Continuing our series, here’s question #2. To recap, the priest took the liberty of pulling Antony’s “The evil that men do lives after them…” quote to offer up a sermon on the truth that the good you do really does matter, and that you should strive to have a good life because it really will live after you. I got his point, I think people appreciated the sermon, I’m not one to be trivial (not matter how much it grates on me when somebody says “Shakespeare was wrong.” Even if you are a priest I will take you down.)
So the question is this – how do you feel about that? The “grab a quote and then make it mean what you want it to mean” thing, even if it turns out that you are drastically misinterpreting its original intent? I’ve seen people rant and rave about overuse of Polonius’ “To thine own self be true” advice.
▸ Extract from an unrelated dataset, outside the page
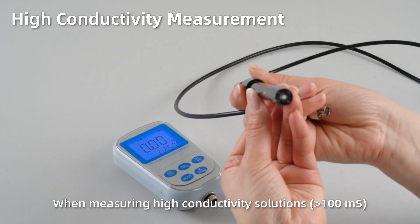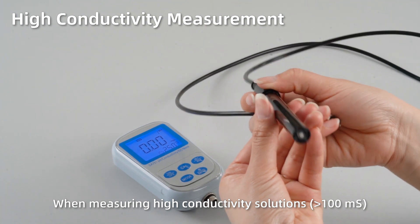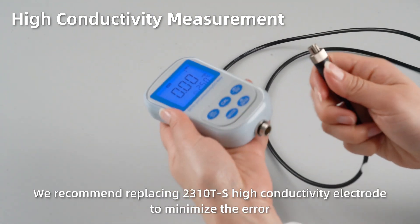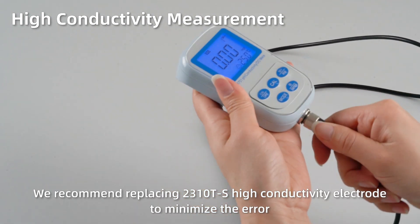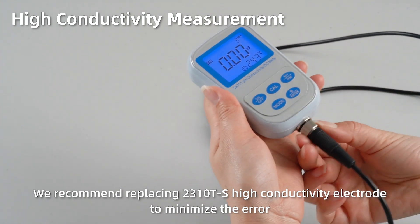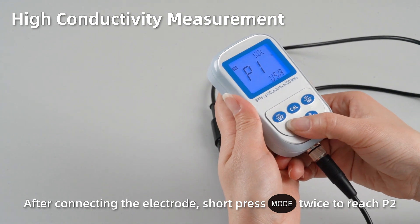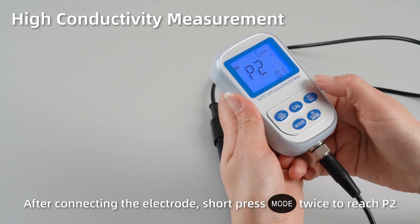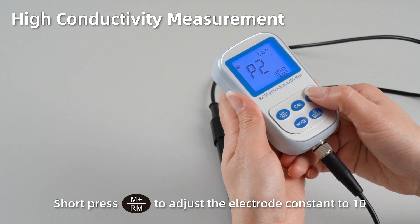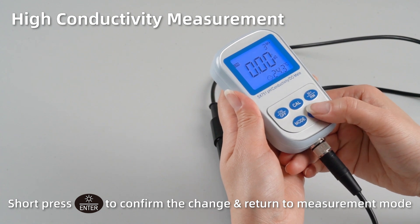High conductivity measurement. When measuring high conductivity solutions, we recommend using the 2310 T-S high conductivity electrode to minimize the error. After connecting the electrode, short press Mode twice to reach P2. Short press M+ to adjust the electrode constant K to 10. Short press Enter to confirm the change and return to measurement mode.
On the one hand I appreciate the exposure to Shakespeare. There’s no doubt that people in that audience had never heard that quote, and got a quick lesson. The problem of course is that the lesson may have left them with a misunderstanding of Shakespeare that who knows what it will take to correct.
Where do you draw the line? How much of a purist are you about that sort of thing?
I’m torn. Obviously I’m documenting my experience pretty heavily here, but it’s not like I felt obligated to gather everybody up and give them a lesson in Julius Caesar. Honestly I just don’t think anybody left the service thinking about Shakespeare. They were thinking about what the priest said about living a good life. And I’m ok with that. If I’d heard anybody muttering about “Wow, Shakespeare was stupid” or “I can’t believe Shakespeare wrote something ridiculous like that,” then I might well have stepped in.